■ Exercise prompt
Write out the listing exactly, dropping any picture it contains.

== Data supplied ==

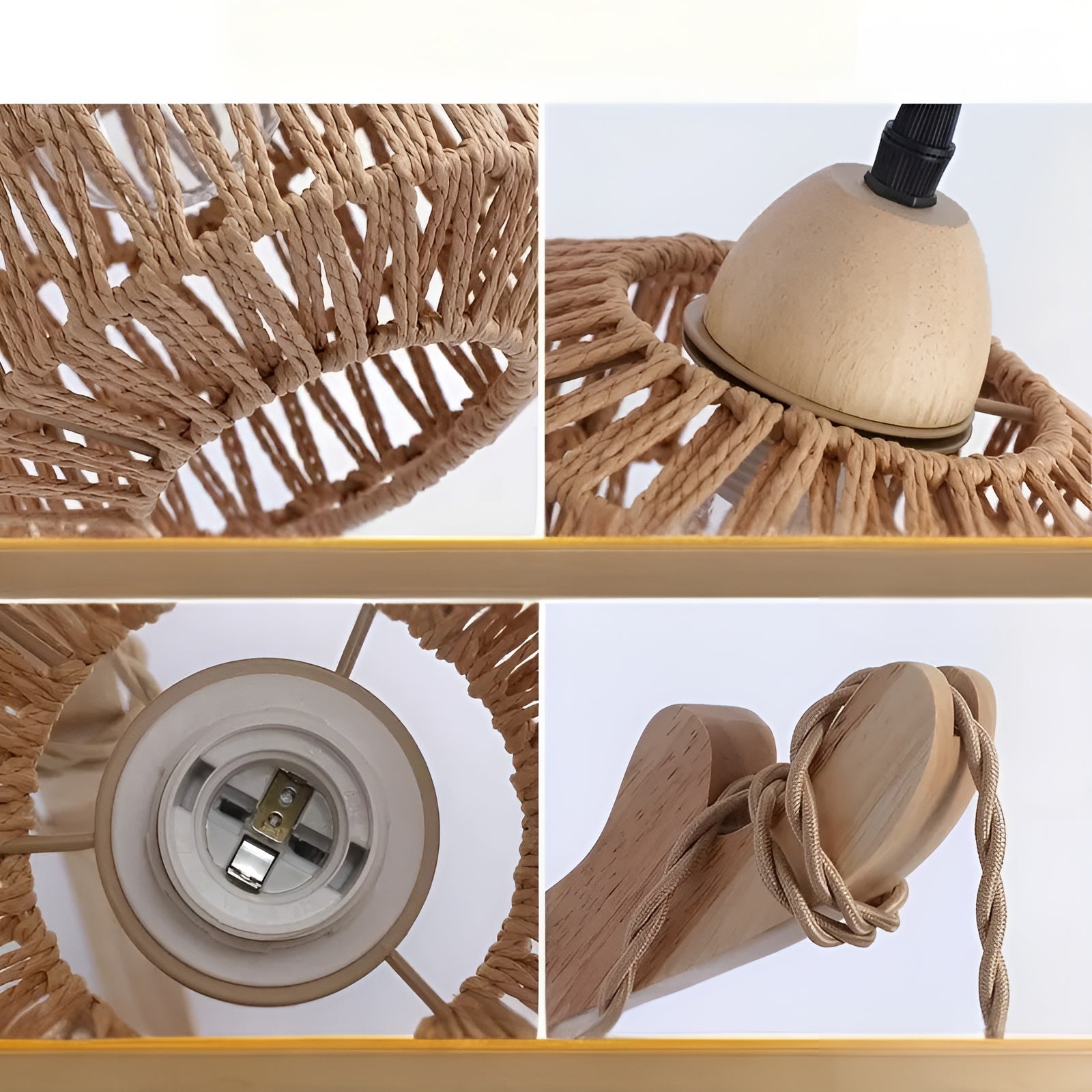 Hängeleuchte im Boho-Stil – Handgewebter Lampenschirm aus Naturfaser | Ideal für Esszimmer & Schlafzimmer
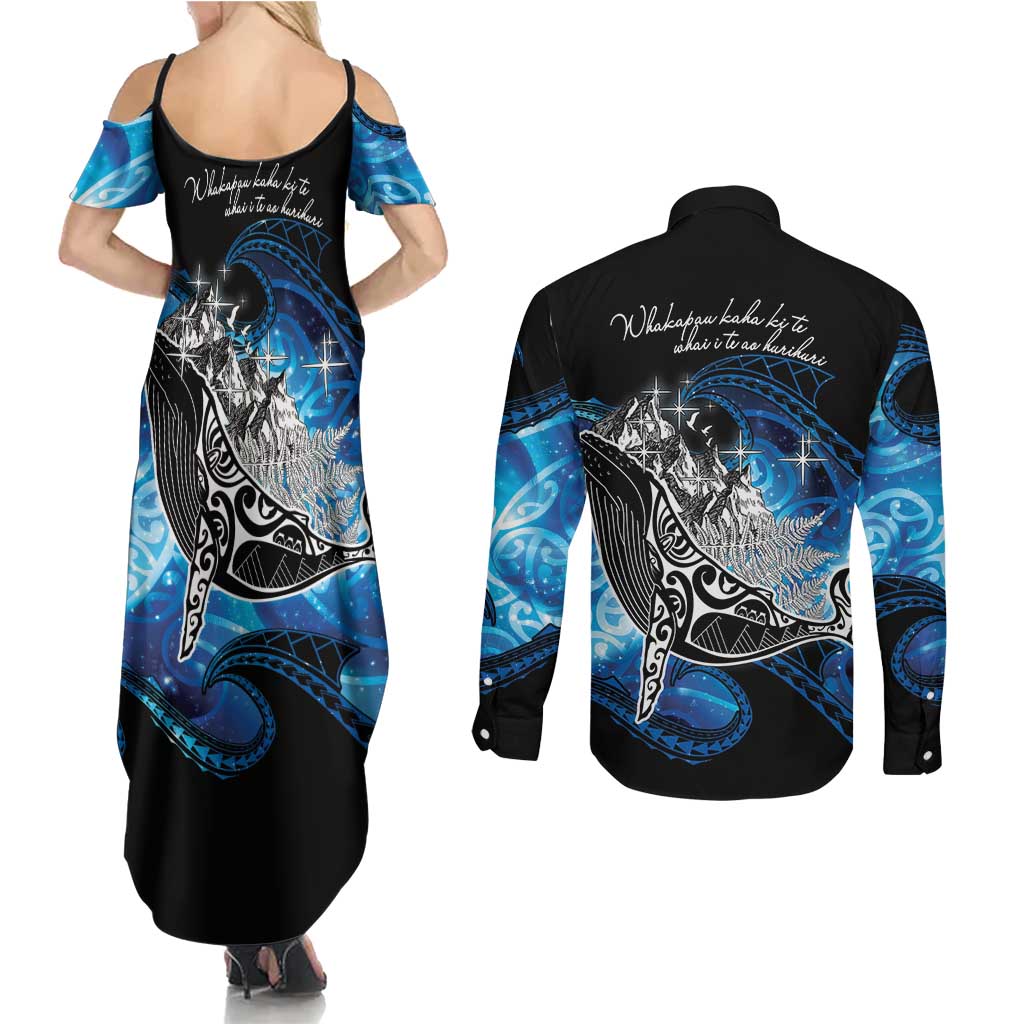 Maori Matariki Te Araroa Paikea Starry Couples Matching Summer Maxi Dress and Long Sleeve Button Shirt Tangaroa Whakatauki LT7 - Polynesian Pride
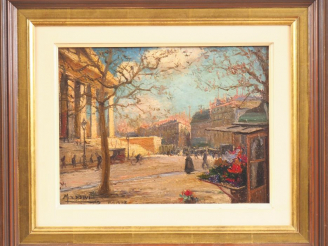 Vente aux enchères MASSON. "Paris, place de la Madeleine". Huile sur carton, signée en ba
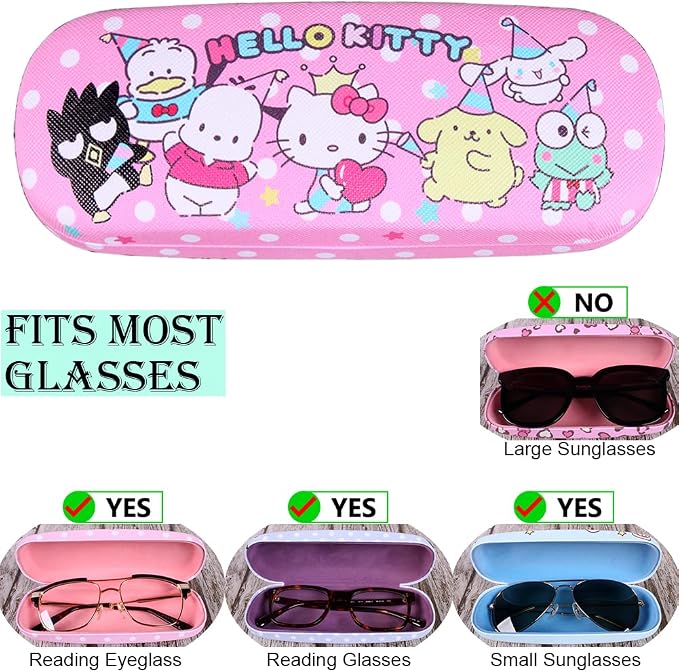 ADBGV Cute Stylish Hard Shell Eyeglasses Cases Protective Case Storage Box With Glasses Cloth Eyeglass Strap for Girl Teen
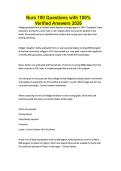 Nurs 100 Questions with 100&percnt; Verified Answers 2026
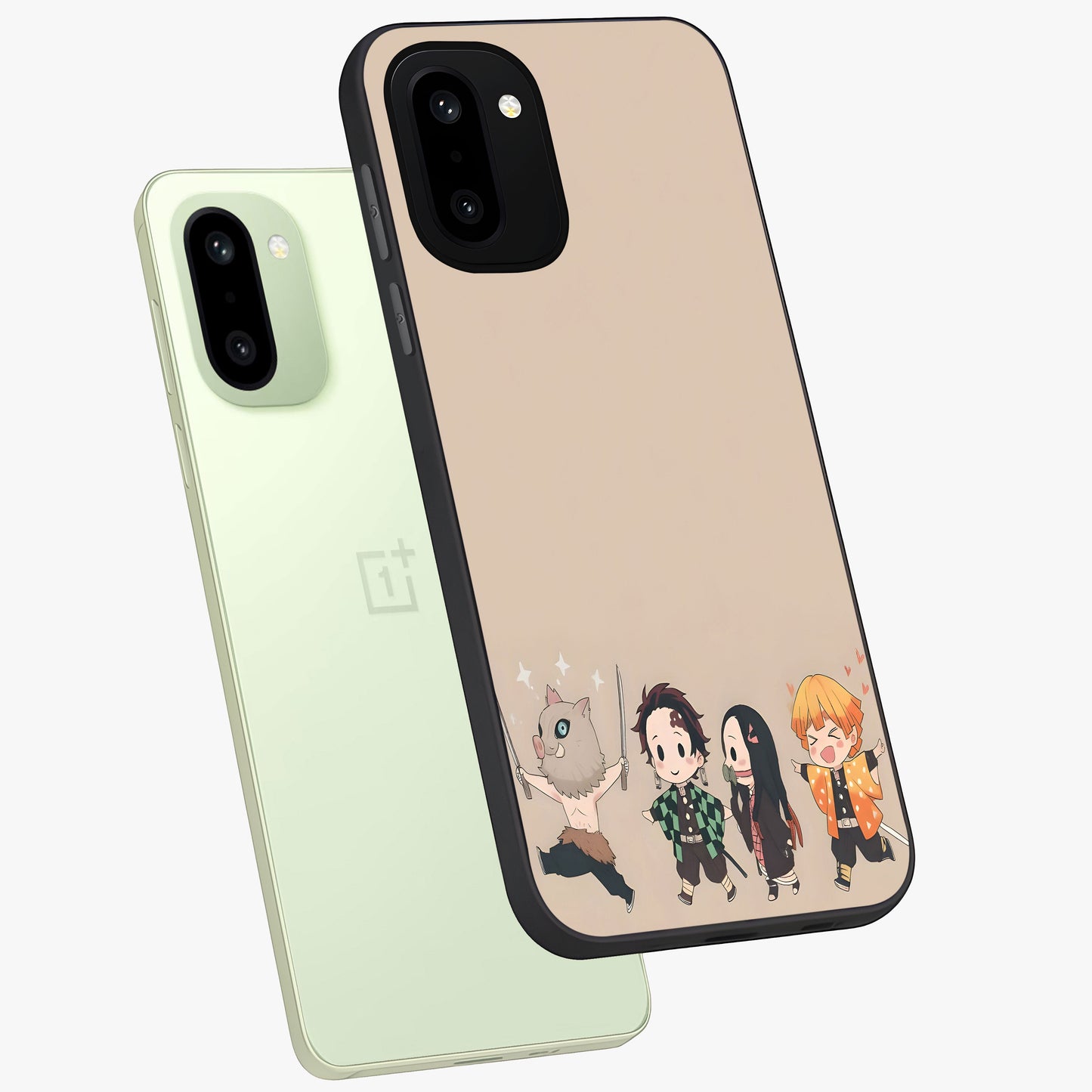 Chibi Demon Squad Glass Case for 1+15R angled mockup showcasing glossy finish and vibrant anime inspired design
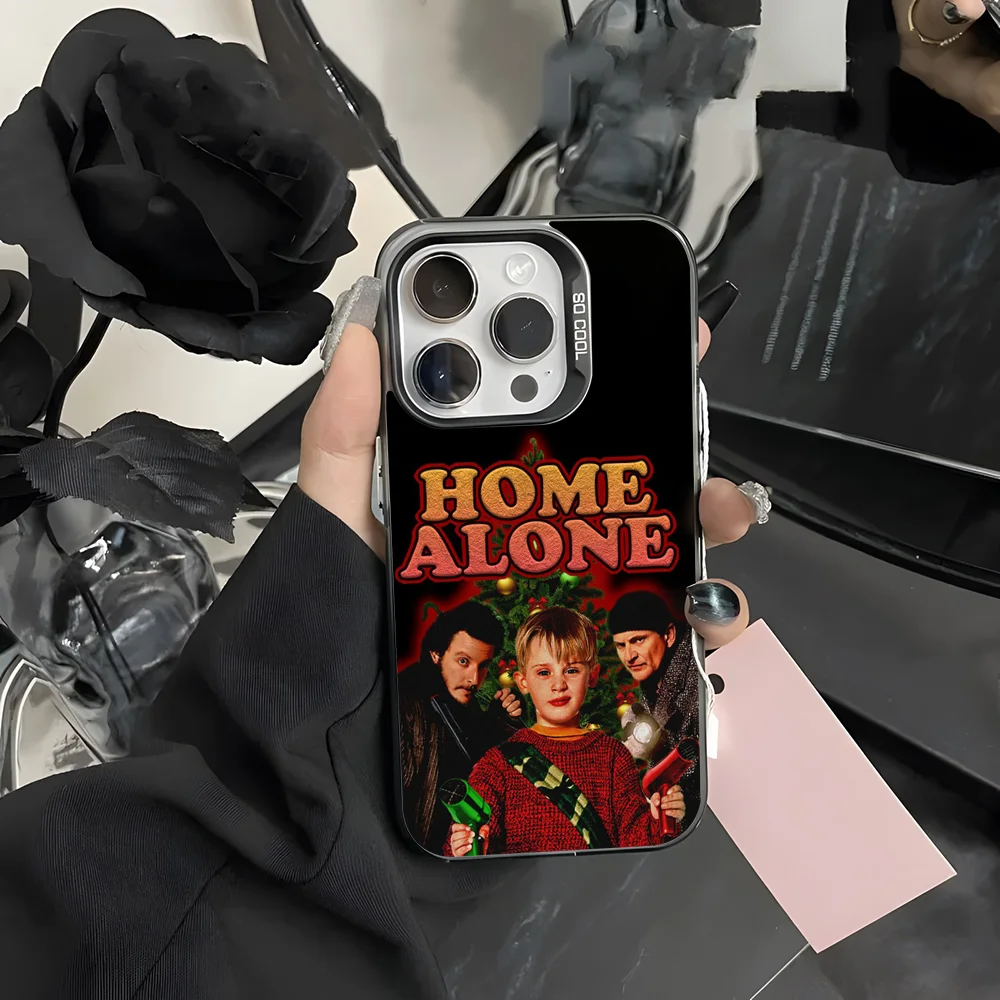 

H-Home Alone Movie Phone Case For iPhone 16 15 14 13 12 11 Pro Max Black Matte Laser Metallic Aurora Funda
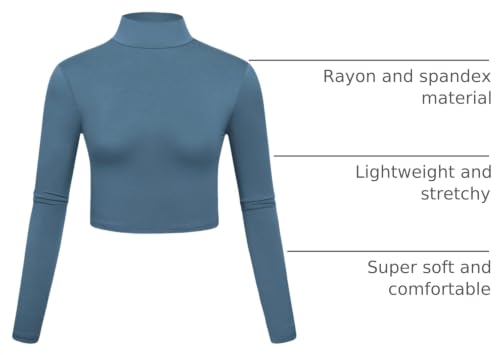 Image of Kindcall Lightweight Mock Turtleneck Crop Tops Long Sleeve Casual Base Layer for Women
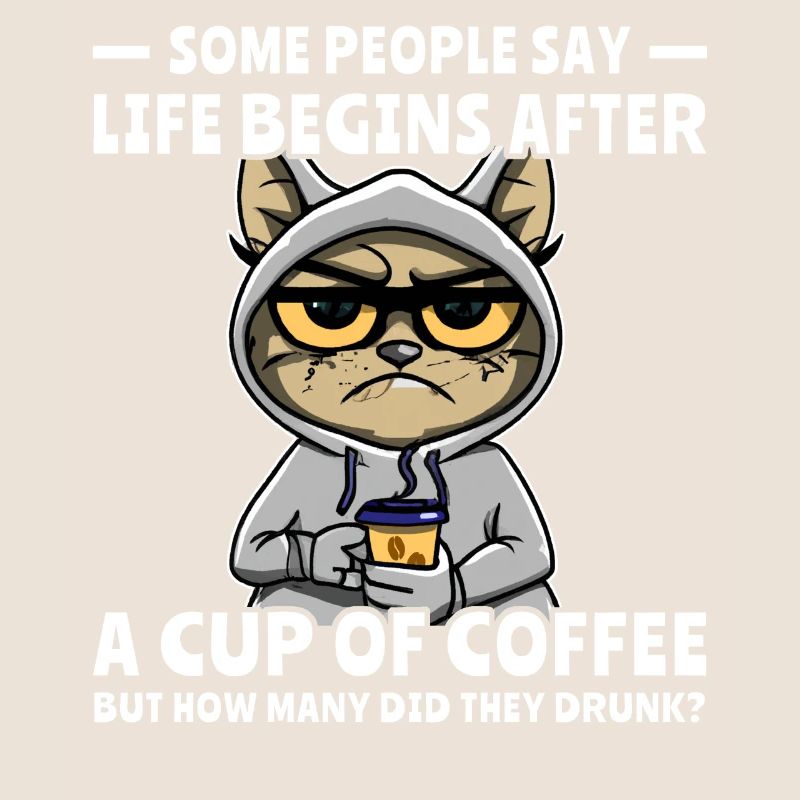 Coffee Cat Coffee Drinker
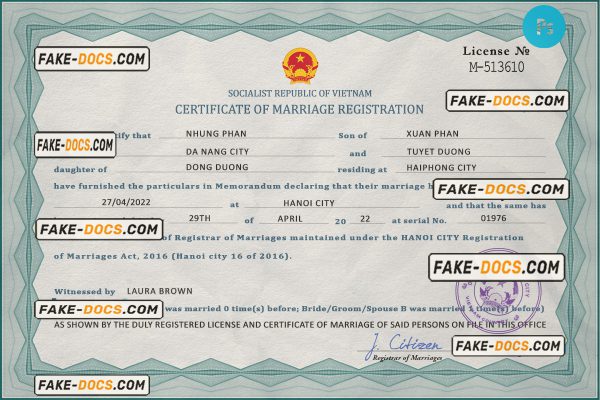 Vietnam marriage certificate PSD template, fully editable scan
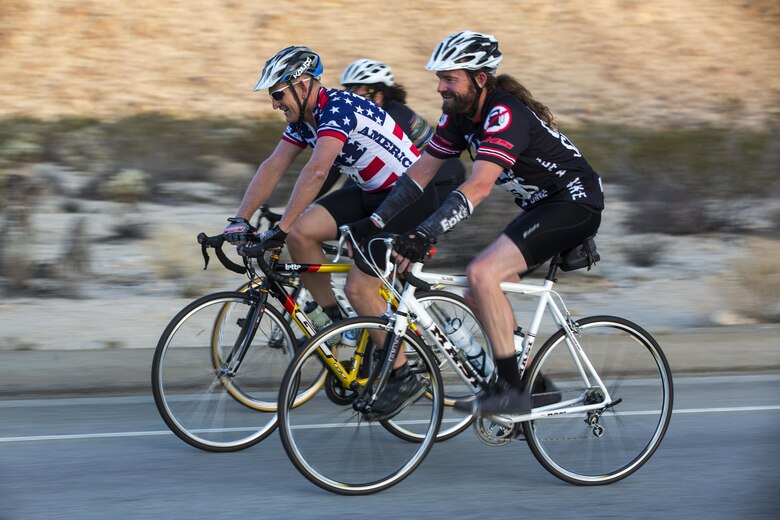 Cyclists complete a 50-mile ride during the Park-to-Park Bike Ride through Joshua Tree National Park, Calif., April 30, 2016. The event was hosted as a joint effort between the Combat Center, the City of Twentynine Palms and the Joshua Tree National Park Service to celebrate Earth Day as well as the 100-year anniversary of the park. (Official Marine Corps photo by Lance Cpl. Levi Schultz/Released)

===

■ Answer section
 Hängeleuchte im Boho-Stil – Handgewebter Lampenschirm aus Naturfaser | Ideal für Esszimmer & Schlafzimmer
 Maori Matariki Te Araroa Paikea Starry Couples Matching Summer Maxi Dress and Long Sleeve Button Shirt Tangaroa Whakatauki LT7 - Polynesian Pride
 Vente aux enchères MASSON. "Paris, place de la Madeleine". Huile sur carton, signée en ba
 ADBGV Cute Stylish Hard Shell Eyeglasses Cases Protective Case Storage Box With Glasses Cloth Eyeglass Strap for Girl Teen
 Nurs 100 Questions with 100&percnt; Verified Answers 2026
 Chibi Demon Squad Glass Case for 1+15R angled mockup showcasing glossy finish and vibrant anime inspired design

H-Home Alone Movie Phone Case For iPhone 16 15 14 13 12 11 Pro Max Black Matte Laser Metallic Aurora Funda
 Image of Kindcall Lightweight Mock Turtleneck Crop Tops Long Sleeve Casual Base Layer for Women
 Coffee Cat Coffee Drinker
 Vietnam marriage certificate PSD template, fully editable scan
 Cyclists complete a 50-mile ride during the Park-to-Park Bike Ride through Joshua Tree National Park, Calif., April 30, 2016. The event was hosted as a joint effort between the Combat Center, the City of Twentynine Palms and the Joshua Tree National Park Service to celebrate Earth Day as well as the 100-year anniversary of the park. (Official Marine Corps photo by Lance Cpl. Levi Schultz/Released)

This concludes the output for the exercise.